Task inputs:
● ● ● ● ● ● ●
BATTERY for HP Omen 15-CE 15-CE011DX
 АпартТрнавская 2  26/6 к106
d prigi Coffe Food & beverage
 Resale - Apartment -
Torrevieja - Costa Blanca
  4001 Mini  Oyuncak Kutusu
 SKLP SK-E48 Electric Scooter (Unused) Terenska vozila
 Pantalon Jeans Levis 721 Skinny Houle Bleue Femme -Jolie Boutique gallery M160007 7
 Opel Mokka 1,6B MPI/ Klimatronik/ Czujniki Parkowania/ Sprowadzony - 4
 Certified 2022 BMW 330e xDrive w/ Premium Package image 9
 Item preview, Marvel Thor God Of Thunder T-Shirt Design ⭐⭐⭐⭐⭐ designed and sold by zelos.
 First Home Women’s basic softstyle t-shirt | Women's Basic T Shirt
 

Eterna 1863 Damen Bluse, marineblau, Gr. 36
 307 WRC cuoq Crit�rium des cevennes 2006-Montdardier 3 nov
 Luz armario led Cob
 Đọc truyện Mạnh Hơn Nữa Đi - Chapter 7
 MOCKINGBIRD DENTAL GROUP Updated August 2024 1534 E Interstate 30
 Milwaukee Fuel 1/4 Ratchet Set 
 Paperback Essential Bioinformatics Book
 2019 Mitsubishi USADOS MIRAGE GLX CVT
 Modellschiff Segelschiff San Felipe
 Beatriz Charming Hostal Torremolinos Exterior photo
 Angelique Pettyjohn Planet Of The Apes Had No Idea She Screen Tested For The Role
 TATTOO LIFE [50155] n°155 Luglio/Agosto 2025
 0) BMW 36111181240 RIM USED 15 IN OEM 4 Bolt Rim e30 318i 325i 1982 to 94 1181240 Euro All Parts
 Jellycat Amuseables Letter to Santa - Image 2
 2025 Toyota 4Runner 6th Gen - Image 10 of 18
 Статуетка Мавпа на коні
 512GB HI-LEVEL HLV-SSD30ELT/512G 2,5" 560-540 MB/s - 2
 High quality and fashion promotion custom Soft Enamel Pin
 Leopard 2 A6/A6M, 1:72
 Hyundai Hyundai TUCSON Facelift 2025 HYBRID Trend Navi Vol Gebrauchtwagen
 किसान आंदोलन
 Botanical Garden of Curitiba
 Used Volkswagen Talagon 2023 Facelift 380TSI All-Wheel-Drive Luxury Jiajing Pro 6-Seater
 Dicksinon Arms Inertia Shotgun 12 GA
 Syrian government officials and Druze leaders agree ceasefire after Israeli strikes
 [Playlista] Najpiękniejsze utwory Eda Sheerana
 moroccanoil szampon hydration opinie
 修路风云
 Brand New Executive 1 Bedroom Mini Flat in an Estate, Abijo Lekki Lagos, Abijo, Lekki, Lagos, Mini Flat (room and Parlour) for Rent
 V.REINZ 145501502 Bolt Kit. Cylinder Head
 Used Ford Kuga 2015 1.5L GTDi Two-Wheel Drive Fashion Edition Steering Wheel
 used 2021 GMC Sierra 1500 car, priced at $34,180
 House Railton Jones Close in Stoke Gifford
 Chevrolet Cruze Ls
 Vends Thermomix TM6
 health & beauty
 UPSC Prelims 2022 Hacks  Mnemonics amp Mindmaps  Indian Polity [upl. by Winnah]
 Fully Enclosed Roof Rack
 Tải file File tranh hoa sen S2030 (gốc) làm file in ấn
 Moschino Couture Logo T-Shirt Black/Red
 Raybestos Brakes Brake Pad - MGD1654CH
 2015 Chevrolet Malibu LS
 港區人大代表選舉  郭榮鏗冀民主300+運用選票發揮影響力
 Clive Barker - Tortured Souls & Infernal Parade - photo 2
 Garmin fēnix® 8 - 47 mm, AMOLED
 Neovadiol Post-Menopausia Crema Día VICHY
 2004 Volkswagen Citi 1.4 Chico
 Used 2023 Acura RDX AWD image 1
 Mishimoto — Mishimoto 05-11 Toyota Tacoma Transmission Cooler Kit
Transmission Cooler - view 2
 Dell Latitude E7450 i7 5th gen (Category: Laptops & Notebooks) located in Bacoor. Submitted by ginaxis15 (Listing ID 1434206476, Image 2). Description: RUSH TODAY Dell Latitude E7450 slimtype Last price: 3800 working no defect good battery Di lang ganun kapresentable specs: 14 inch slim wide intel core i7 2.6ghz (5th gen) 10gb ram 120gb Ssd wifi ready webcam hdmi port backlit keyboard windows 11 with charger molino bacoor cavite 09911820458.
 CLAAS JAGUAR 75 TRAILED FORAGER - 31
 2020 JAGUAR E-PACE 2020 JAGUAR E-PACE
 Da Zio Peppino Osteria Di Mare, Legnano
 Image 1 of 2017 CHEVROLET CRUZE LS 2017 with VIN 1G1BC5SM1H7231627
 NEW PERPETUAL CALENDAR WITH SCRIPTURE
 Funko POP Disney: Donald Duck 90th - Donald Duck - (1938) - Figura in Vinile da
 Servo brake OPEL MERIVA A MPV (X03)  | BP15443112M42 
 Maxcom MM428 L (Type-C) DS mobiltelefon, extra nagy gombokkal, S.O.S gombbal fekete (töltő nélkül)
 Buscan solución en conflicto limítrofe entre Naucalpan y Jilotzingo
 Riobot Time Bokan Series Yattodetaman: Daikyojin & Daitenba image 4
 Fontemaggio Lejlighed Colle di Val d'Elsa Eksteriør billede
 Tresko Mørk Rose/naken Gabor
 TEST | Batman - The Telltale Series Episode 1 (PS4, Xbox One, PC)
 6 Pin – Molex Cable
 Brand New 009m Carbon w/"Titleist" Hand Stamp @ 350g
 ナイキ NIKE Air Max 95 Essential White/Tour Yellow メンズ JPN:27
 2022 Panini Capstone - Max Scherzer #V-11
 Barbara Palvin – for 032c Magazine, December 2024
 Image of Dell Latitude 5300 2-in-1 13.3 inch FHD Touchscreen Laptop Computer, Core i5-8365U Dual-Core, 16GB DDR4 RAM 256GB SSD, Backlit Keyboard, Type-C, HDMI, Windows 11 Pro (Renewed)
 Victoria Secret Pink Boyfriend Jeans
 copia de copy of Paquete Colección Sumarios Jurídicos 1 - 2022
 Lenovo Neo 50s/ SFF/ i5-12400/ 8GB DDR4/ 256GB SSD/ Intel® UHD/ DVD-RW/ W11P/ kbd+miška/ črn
● ● ● ● ● ● ●
Work required: Where a line in the listing above includes the string "Transmission", copy that line.

Answer to this exercise:
 Mishimoto — Mishimoto 05-11 Toyota Tacoma Transmission Cooler Kit
Transmission Cooler - view 2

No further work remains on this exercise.